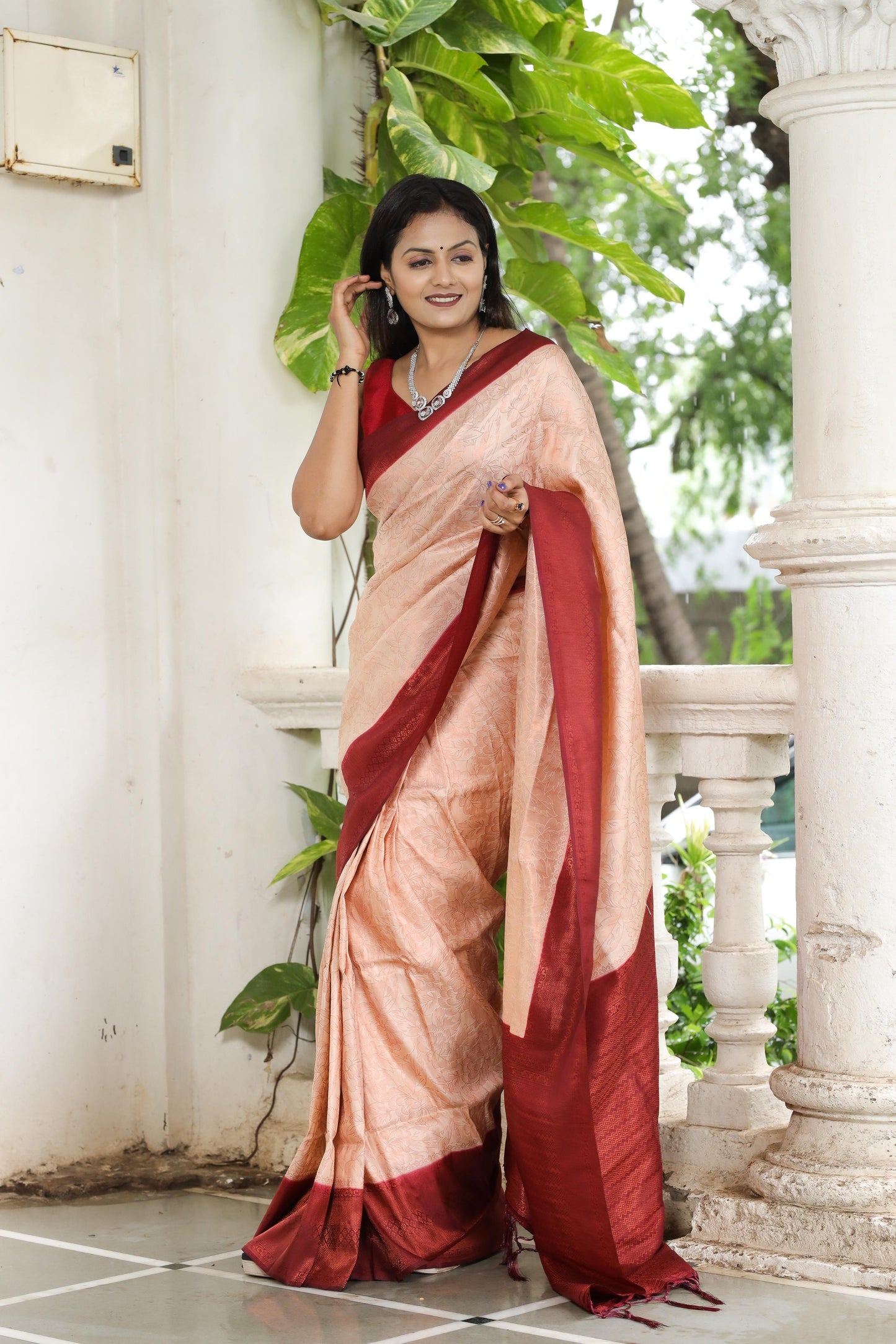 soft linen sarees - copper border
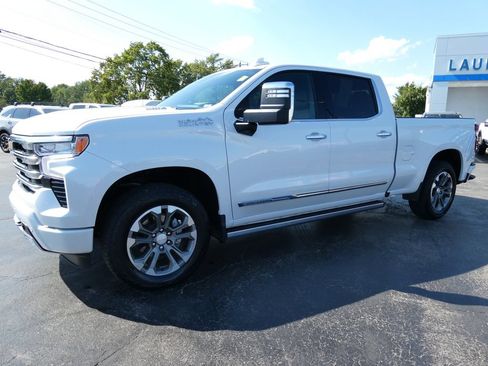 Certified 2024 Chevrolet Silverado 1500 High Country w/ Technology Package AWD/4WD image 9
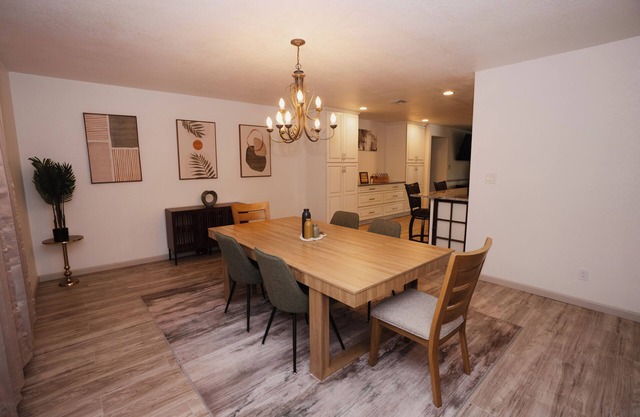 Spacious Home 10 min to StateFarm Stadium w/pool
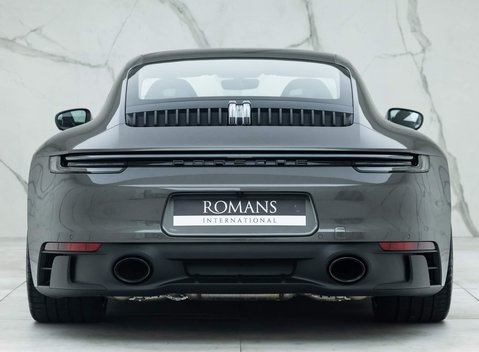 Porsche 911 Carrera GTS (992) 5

★ ★ ★

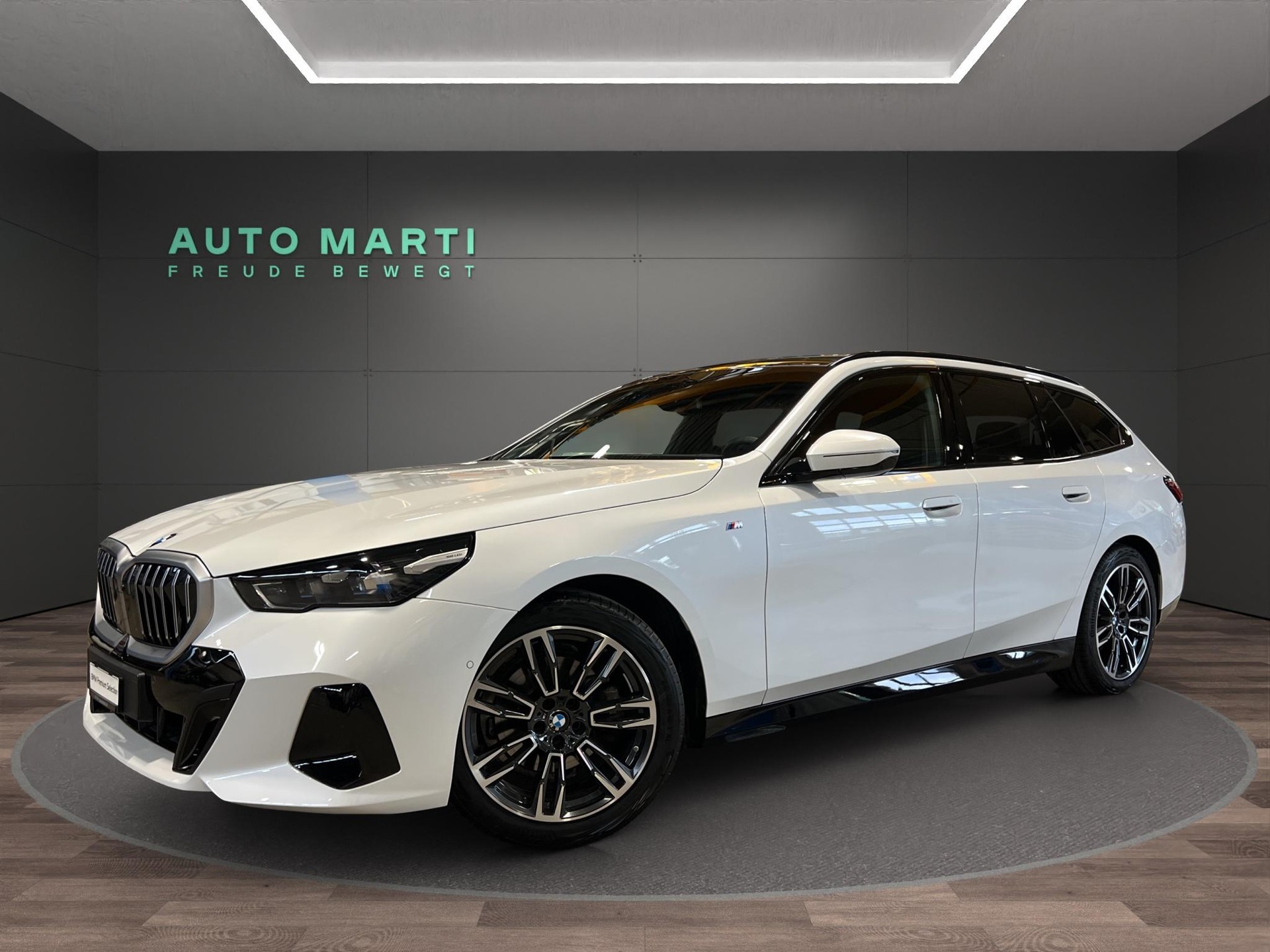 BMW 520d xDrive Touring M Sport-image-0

★ ★ ★

**Exercise instructions**
Leaving each picture behind, please give again exactly the lines above from the one with "Certified 2024 Chevrolet" through the one with "Porsche 911 Carrera GTS (992) 5", both included, and no others.

**Result of this exercise**
 Certified 2024 Chevrolet Silverado 1500 High Country w/ Technology Package AWD/4WD image 9
 Spacious Home 10 min to StateFarm Stadium w/pool
 Porsche 911 Carrera GTS (992) 5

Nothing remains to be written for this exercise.